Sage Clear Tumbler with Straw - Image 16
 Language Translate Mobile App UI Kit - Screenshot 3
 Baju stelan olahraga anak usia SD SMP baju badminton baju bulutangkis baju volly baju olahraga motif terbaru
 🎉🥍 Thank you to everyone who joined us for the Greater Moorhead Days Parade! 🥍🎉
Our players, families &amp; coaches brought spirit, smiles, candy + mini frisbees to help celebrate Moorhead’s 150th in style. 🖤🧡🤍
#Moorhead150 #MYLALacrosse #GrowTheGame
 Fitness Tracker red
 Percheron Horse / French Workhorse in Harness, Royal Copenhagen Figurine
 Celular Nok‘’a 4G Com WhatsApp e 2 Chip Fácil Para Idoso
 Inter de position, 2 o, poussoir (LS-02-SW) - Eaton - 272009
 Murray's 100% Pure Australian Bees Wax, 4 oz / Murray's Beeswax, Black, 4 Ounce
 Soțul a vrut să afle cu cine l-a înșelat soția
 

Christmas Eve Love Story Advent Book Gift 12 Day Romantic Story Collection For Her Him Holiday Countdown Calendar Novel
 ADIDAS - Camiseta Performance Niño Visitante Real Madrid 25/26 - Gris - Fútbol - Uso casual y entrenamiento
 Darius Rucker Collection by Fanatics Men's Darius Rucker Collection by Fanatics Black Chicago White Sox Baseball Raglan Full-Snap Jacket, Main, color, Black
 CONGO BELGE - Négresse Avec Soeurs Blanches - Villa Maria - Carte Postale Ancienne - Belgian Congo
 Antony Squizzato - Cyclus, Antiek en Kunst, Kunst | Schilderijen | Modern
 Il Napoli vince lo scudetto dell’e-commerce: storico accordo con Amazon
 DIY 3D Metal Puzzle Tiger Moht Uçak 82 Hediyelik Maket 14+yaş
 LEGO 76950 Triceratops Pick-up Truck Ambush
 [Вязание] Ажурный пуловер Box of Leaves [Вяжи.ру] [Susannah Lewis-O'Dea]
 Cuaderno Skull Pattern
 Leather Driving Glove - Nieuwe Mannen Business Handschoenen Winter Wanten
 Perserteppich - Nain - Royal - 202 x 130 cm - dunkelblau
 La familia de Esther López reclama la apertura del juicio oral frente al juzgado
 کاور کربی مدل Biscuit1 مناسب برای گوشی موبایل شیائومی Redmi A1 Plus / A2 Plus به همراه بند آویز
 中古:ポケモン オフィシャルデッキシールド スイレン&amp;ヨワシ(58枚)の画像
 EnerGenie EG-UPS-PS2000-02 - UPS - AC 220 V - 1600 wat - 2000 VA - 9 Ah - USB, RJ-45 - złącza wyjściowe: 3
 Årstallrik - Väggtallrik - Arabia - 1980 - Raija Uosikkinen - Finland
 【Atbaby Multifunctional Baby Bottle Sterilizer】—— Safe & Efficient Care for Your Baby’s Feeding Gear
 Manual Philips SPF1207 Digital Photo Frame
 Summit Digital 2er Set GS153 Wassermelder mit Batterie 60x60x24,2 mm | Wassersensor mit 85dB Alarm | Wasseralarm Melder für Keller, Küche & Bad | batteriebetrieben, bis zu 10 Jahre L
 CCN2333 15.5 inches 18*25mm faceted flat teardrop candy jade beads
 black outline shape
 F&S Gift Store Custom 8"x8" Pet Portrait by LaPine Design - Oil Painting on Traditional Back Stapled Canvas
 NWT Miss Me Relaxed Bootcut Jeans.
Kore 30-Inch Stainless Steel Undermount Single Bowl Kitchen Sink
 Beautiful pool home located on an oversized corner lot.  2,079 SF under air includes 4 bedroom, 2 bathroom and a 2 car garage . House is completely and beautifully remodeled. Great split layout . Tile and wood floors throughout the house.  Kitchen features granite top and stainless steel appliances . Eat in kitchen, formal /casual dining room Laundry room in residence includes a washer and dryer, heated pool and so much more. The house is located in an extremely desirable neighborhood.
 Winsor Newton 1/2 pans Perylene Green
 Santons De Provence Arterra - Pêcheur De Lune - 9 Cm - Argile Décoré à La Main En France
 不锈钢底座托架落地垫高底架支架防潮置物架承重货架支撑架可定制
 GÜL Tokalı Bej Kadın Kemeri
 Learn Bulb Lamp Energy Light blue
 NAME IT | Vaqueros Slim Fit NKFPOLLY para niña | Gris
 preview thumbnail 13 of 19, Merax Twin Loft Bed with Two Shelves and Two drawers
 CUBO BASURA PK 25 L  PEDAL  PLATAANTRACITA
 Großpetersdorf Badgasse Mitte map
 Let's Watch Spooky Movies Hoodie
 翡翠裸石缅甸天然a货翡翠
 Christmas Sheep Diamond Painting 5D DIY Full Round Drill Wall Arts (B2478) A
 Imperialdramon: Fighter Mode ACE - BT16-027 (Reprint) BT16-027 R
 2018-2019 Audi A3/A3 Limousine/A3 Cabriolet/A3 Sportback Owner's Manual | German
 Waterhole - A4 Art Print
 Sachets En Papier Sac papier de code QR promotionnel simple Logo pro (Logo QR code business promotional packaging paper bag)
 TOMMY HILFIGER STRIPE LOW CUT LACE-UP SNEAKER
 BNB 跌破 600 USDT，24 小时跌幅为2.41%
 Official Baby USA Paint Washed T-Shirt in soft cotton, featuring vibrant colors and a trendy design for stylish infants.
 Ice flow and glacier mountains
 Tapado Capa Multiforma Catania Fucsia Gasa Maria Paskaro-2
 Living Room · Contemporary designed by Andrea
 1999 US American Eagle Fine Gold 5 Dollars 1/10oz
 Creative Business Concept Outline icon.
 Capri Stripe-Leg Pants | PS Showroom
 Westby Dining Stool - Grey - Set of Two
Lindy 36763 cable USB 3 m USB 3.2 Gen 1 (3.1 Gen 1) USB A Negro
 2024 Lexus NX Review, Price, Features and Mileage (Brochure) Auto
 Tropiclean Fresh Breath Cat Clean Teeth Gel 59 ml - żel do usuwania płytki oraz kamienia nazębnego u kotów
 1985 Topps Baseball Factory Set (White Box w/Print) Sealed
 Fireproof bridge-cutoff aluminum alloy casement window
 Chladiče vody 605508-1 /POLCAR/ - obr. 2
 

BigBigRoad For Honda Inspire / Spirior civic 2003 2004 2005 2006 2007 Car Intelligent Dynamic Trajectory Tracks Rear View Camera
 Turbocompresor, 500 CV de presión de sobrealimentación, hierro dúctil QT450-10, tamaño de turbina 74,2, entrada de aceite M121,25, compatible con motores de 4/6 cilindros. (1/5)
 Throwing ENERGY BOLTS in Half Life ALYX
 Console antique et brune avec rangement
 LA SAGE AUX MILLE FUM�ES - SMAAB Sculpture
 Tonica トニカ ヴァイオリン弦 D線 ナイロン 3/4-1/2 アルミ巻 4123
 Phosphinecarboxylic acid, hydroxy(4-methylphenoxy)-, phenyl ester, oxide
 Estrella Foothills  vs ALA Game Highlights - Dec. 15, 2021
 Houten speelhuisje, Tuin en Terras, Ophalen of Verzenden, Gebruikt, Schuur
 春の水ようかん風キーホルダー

* [TASK BRIEF] Once you reach the line with "Murray's 100% Pure" in the data above, copy it and every line after it exactly, up to and including the line with "Darius Rucker Collection by Fanatics Men's".

* [WRITTEN REPLY]
 Murray's 100% Pure Australian Bees Wax, 4 oz / Murray's Beeswax, Black, 4 Ounce
 Soțul a vrut să afle cu cine l-a înșelat soția
 

Christmas Eve Love Story Advent Book Gift 12 Day Romantic Story Collection For Her Him Holiday Countdown Calendar Novel
 ADIDAS - Camiseta Performance Niño Visitante Real Madrid 25/26 - Gris - Fútbol - Uso casual y entrenamiento
 Darius Rucker Collection by Fanatics Men's Darius Rucker Collection by Fanatics Black Chicago White Sox Baseball Raglan Full-Snap Jacket, Main, color, Black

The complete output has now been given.